Title :
The impact of arabic inter-character proximity and similarity on spell-checking
Author :
Gueddah, Hicham ; Yousfi, Abdallah
Author_Institution :
SIME Lab. ENSIAS, Univ. of Mohammed V-Souissi, Rabat, Morocco
Abstract :
Following a statistical study carried out on the typographical errors committed when typing documents in Arabic language, it was found that most of these typos are character permutation errors, accounting for 65% of overall errors. Similarly, in the aim to overcome this situation and while analyzing such errors, it turned out that character permutation resulting in a misspelled word can be imputed either to character proximity on an Arabic keyboard or to calligraphic similarity between such Arabic characters. In order to remedy this problem, we suggest, in this article, that a measurement of proximity and similarity between Arabic characters be integrated into Levenshtein algorithm, in the aim of enhancing the suggestions and the scheduling of the solutions returned by the spelling correction.
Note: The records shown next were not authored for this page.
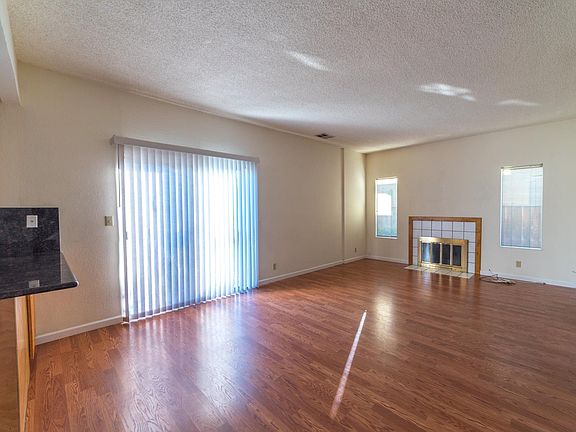 5th image of 4602 Amiens Ave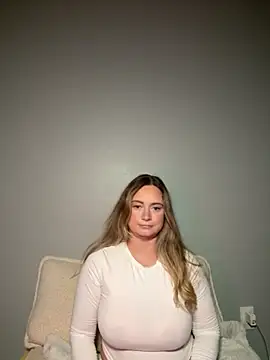 Sophie Raegan online show from 10/13/25, 03:52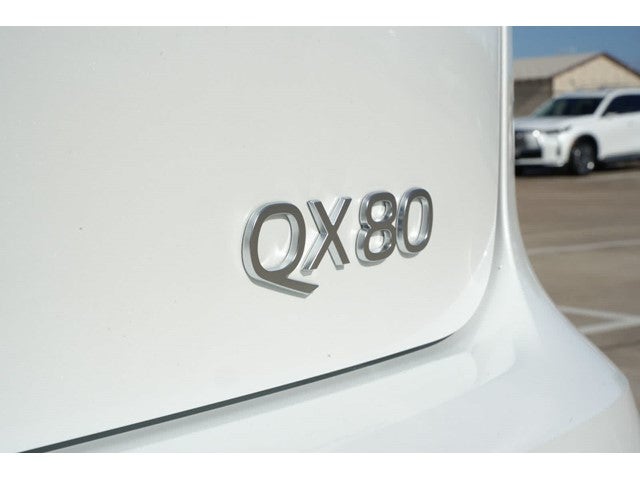 2027 INFINITI QX80 LUXE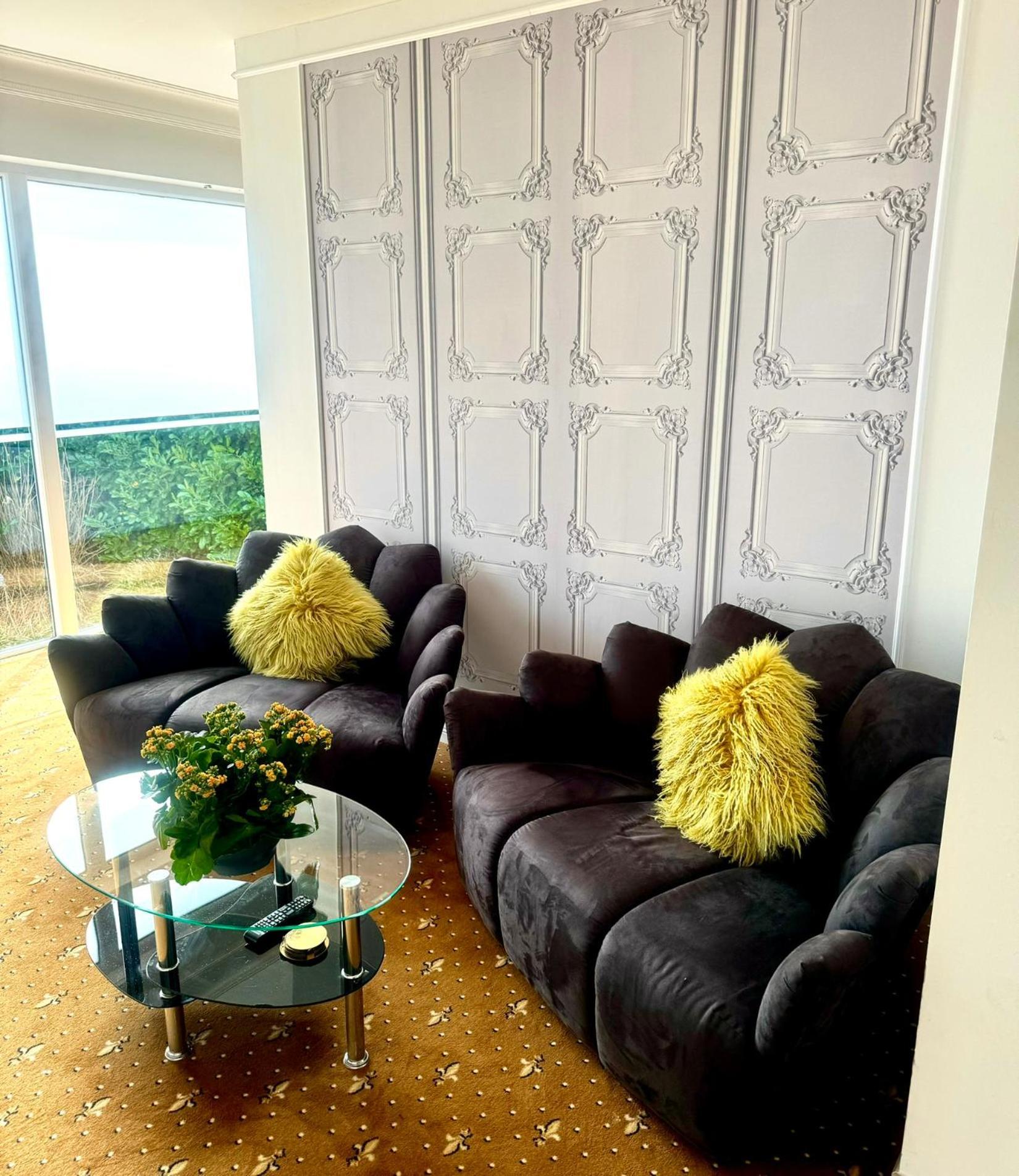 Tiffany'S Ferienapartments Sind Alles, Ausser... Gewoehnlich!!! ティメンドルファー・シュトラント エクステリア 写真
The experimental outcomes are very satisfactory and attest of the necessity of integrating inter-character proximity and similarity measures for Arabic within spell-checking systems.
Keywords :
natural language processing; statistical analysis; Arabic intercharacter proximity; Arabic keyboard character; Arabic language; Levenshtein algorithm; calligraphic similarity; character permutation errors; similarity measures; spell-checking systems; statistical study; Dictionaries; Educational institutions; Keyboards; Measurement uncertainty; Natural language processing; Scheduling; Training; Arabic Language; Levenshtein distance; Measurement; Permutation Error; Proximity; Similarity; Spelling Correction;
Conference_Titel :
Intelligent Systems: Theories and Applications (SITA), 2013 8th International Conference on
Conference_Location :
Rabat
Print_ISBN :
978-1-4799-0297-2
DOI :
10.1109/SITA.2013.6560811